(Caption-style text data)
—————
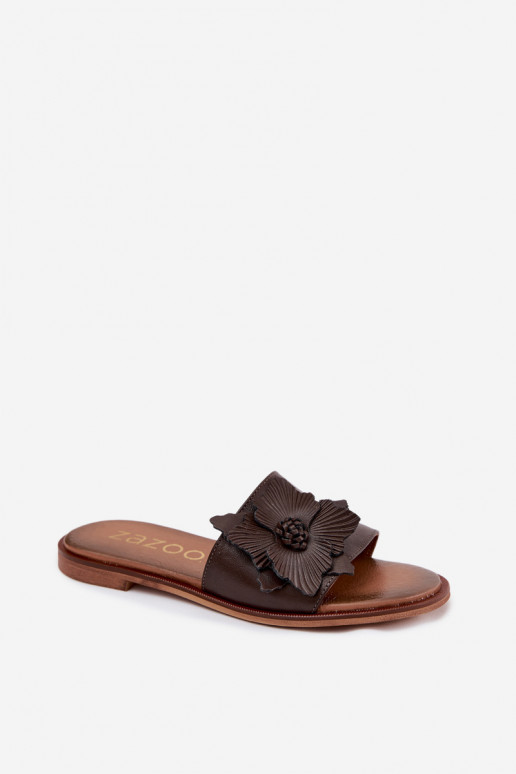 Chinelos de couro para mulheres com ornamentos Zazoo 40477 na cor chocolate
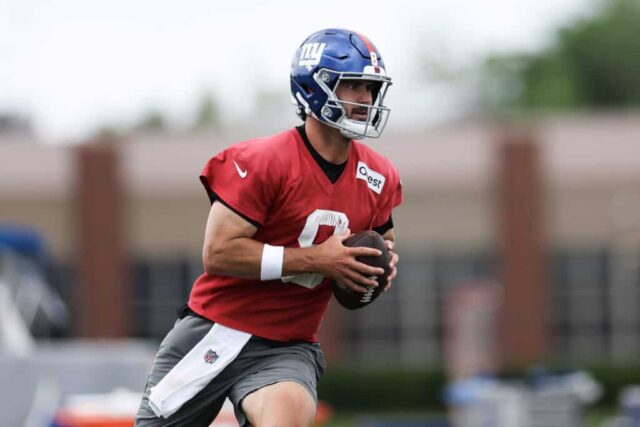 EAST RUTHERFORD, NOVA JERSEY - 06 DE JUNHO: Daniel Jones nº 8 do New York Giants participa de treinos durante os treinos fora de temporada do New York Giants OTA no NY Giants Quest Diagnostics Training Center em 06 de junho de 2024 em East Rutherford, Nova Jersey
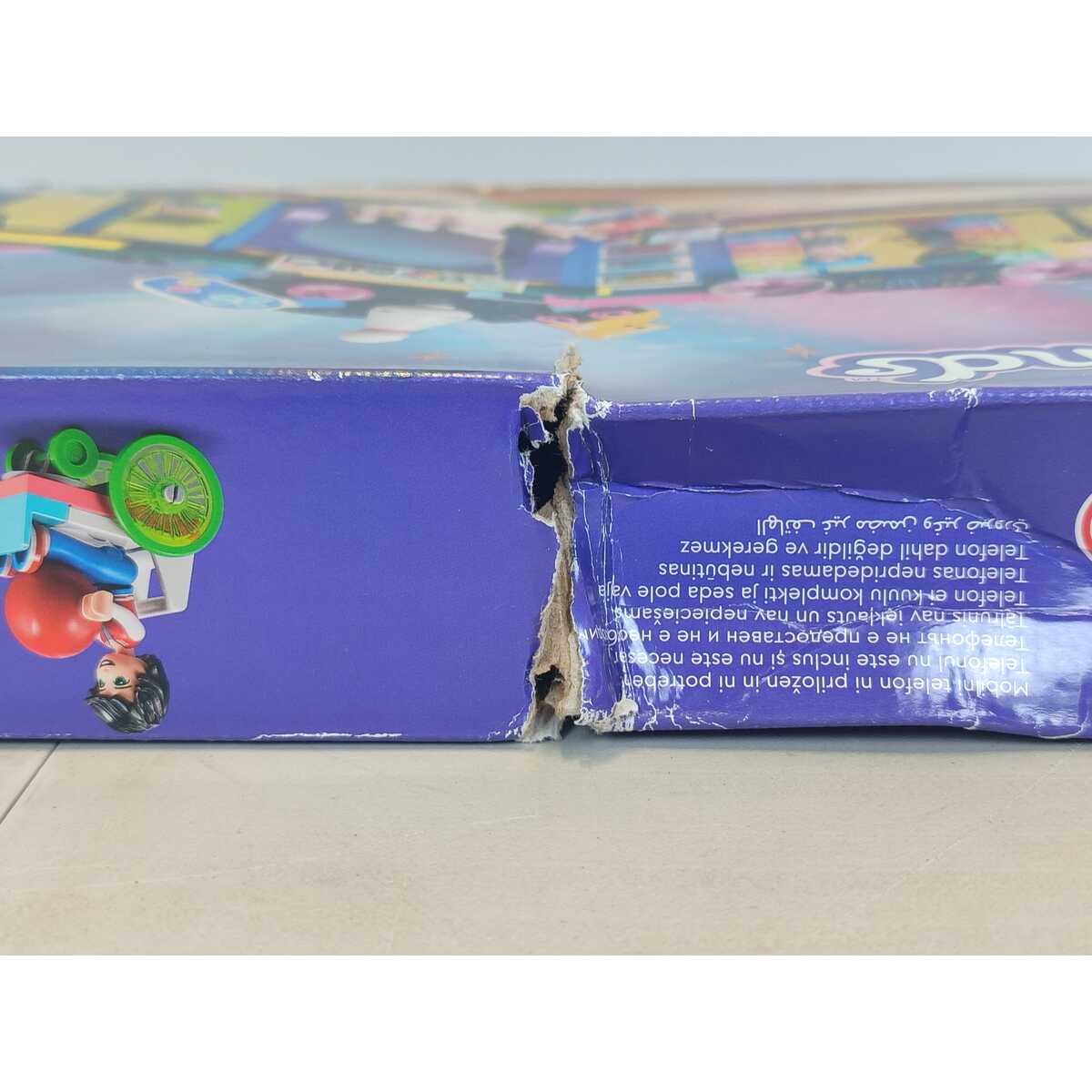 Конструктор LEGO Friends Roller Disco Arcade 41708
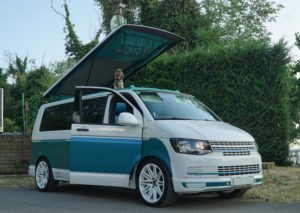 Bus4Fun ...vom T6 Transporter zum individuellem StyleCamper 3 vw-t6-stylecamper-bus4fun-b4f-foliendesign-schraeg-vorne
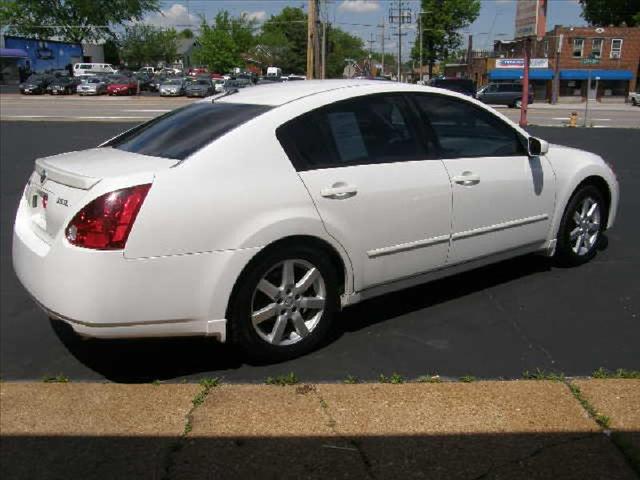 Nissan Maxima 2005 photo 1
—————
Leaving pictures aside, give again word for word each line from the one with "EAST RUTHERFORD, NOVA JERSEY - 06" to the final line of the entries.

WRITTEN ANSWER
 EAST RUTHERFORD, NOVA JERSEY - 06 DE JUNHO: Daniel Jones nº 8 do New York Giants participa de treinos durante os treinos fora de temporada do New York Giants OTA no NY Giants Quest Diagnostics Training Center em 06 de junho de 2024 em East Rutherford, Nova Jersey
 Конструктор LEGO Friends Roller Disco Arcade 41708
 Bus4Fun ...vom T6 Transporter zum individuellem StyleCamper 3 vw-t6-stylecamper-bus4fun-b4f-foliendesign-schraeg-vorne
 Nissan Maxima 2005 photo 1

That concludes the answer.